Cannes 2018 : J’aime l’odeur de la Palme dans le petit matin…

Quand les hauts et les bas du Festival de Cannes retombent, ça donne des montagnes russes émotionnelles en dessous du niveau de la mer. Souvenirs flottants d’images et de sons, de sensations et d’envolées. Mosaïque d’instants rémanents, poésie du choc et de l’entrechoc, comme un inventaire à la Prévert.

Le sourire de Cate Blanchett, sublime et rayonnante Présidente du jury.

Un jeune garçon décidé à devenir fille et danseuse étoile plie son corps à tous les supplices, il tourne, tourne, tourne en justaucorps, encore et encore et sa certitude nous chavire et nous emporte.

Girl de Lukas Dhont. Copyright Diaphana Distribution.

Des photos de Marilyn Monroe se répondent d’un documentaire sur Jane Fonda à un court métrage de l’Adami, du film de Jean-Luc Godard au délicieux collier kitsch accroché au cou d’une monteuse de marches. Et puis, soudain, elle s’anime, fausse Marilyn nageant nue dans la piscine : scène mythique de son dernier film inachevé Something’s Got to Give, recréée par David Robert Mitchell dans Under the Silver Lake. Et pendant ce temps-là, sur le tapis rouge, Cate Blanchett est présidentielle… Une petite bonne femme entre dans une salle emplie d’hommes et leur inflige, en guise de salut, un coup de poing dans le dos. A tous, sauf un. Elle s’assied à côté de l’épargné, approche la bouche de son cou et le… mord !

Zhao Tao dans Les Eternels de Jia Zhang-ke. Copyright Ad Vitam.

Quatre-vingt deux actrices, réalisatrices, techniciennes, scénaristes, ou productrices montent les marches rouges et posent pour l’éternité. Elles représentent les statistiques établies par le comité 50/50 2020 : en 71 éditions, le Festival de Cannes a invité en compétition 82 films réalisés par des femmes. Le discours est assuré en français par Agnès Varda, et en anglais par Cate Blanchett, souveraines… Au Cinéma de la Plage, Le Grand Bal, premier long métrage documentaire de Laetitia Carton se termine, et comme par magie fait sortir ses personnages de l’écran. C’est La Rose pourpre du Caire à l’envers, ils se mettent à danser sur le sable et entrainent les spectateurs moins aguéris dans leurs traces…
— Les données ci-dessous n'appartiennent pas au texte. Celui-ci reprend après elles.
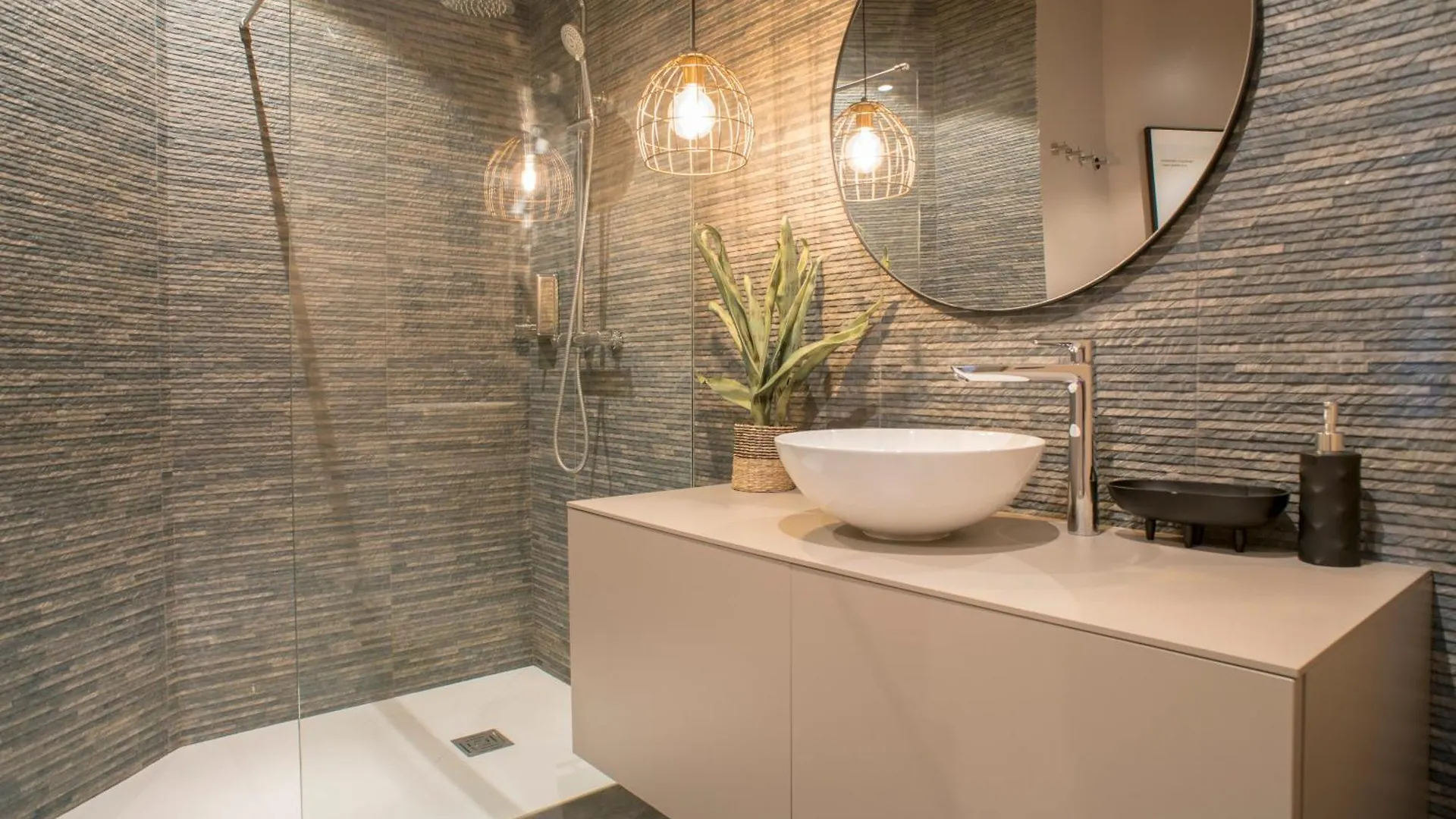 MAGI, Apartaments Turístics Cardona España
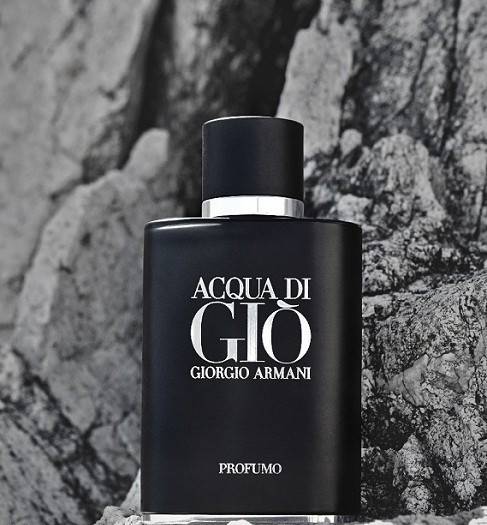 酷热夏季让女人无法抗拒的10款清爽男士香水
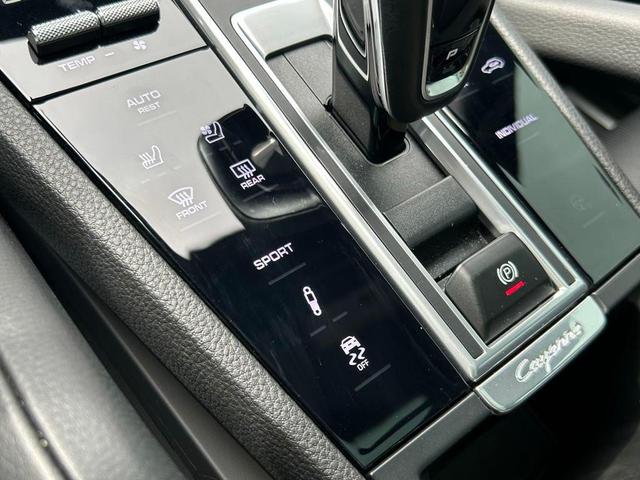 Photo of 2023 Carrara White Metallic Porsche Cayenne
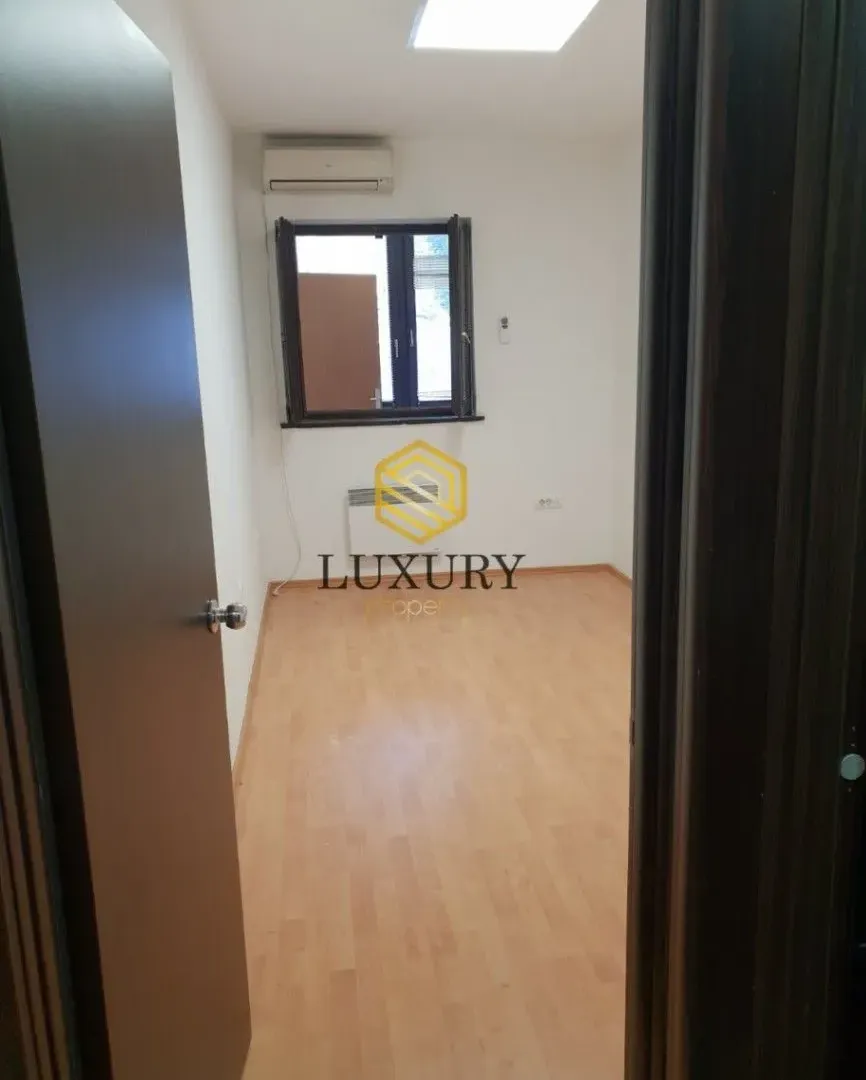 Rent, office space, 78m², Preko Morače, Podgorica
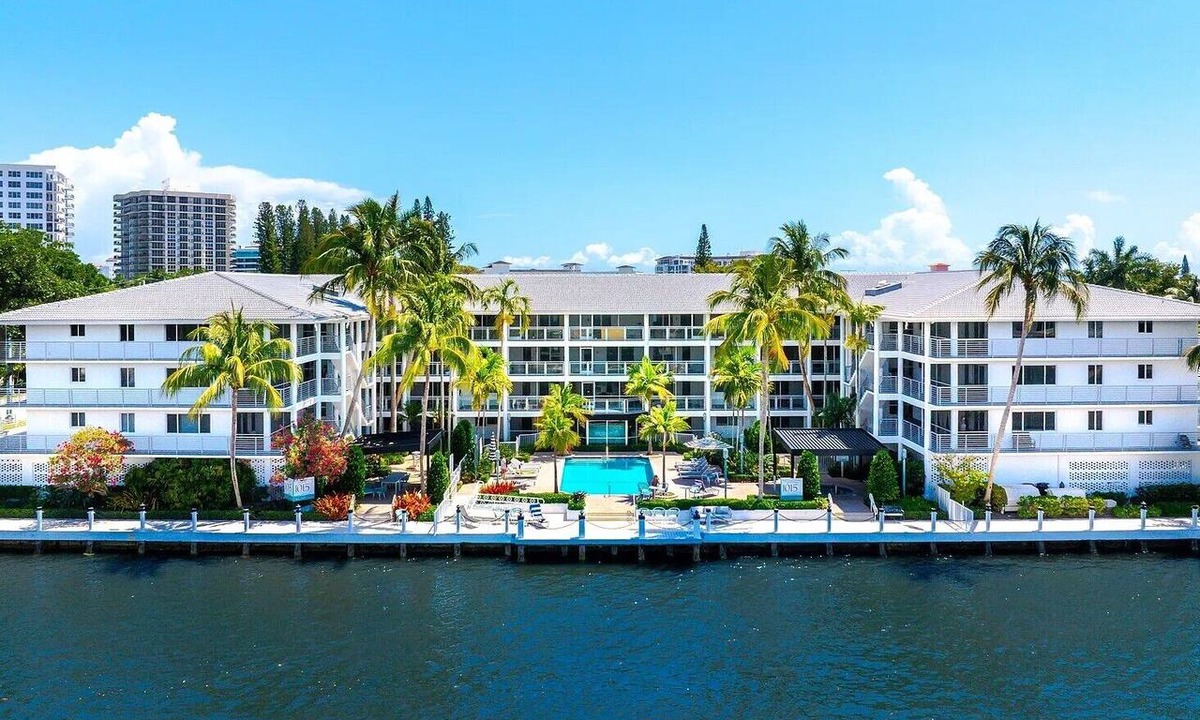 Boca Raton Apartment | Modern Coastal 2BR on Intracoastal Walk to Beach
Quand le jour se lève sur la Croisette le 20 mai, HiroKazu Kore-eda a reçu, la veille, la Palme d’Or pour Une affaire de famille, film bonheur qui dit la beauté des liens choisis, et nous montre les justes là où ils sont, dans l’ordinaire et le quotidien d’une vie passée à se battre, à tricher peut-être, à voler souvent, à aimer toujours.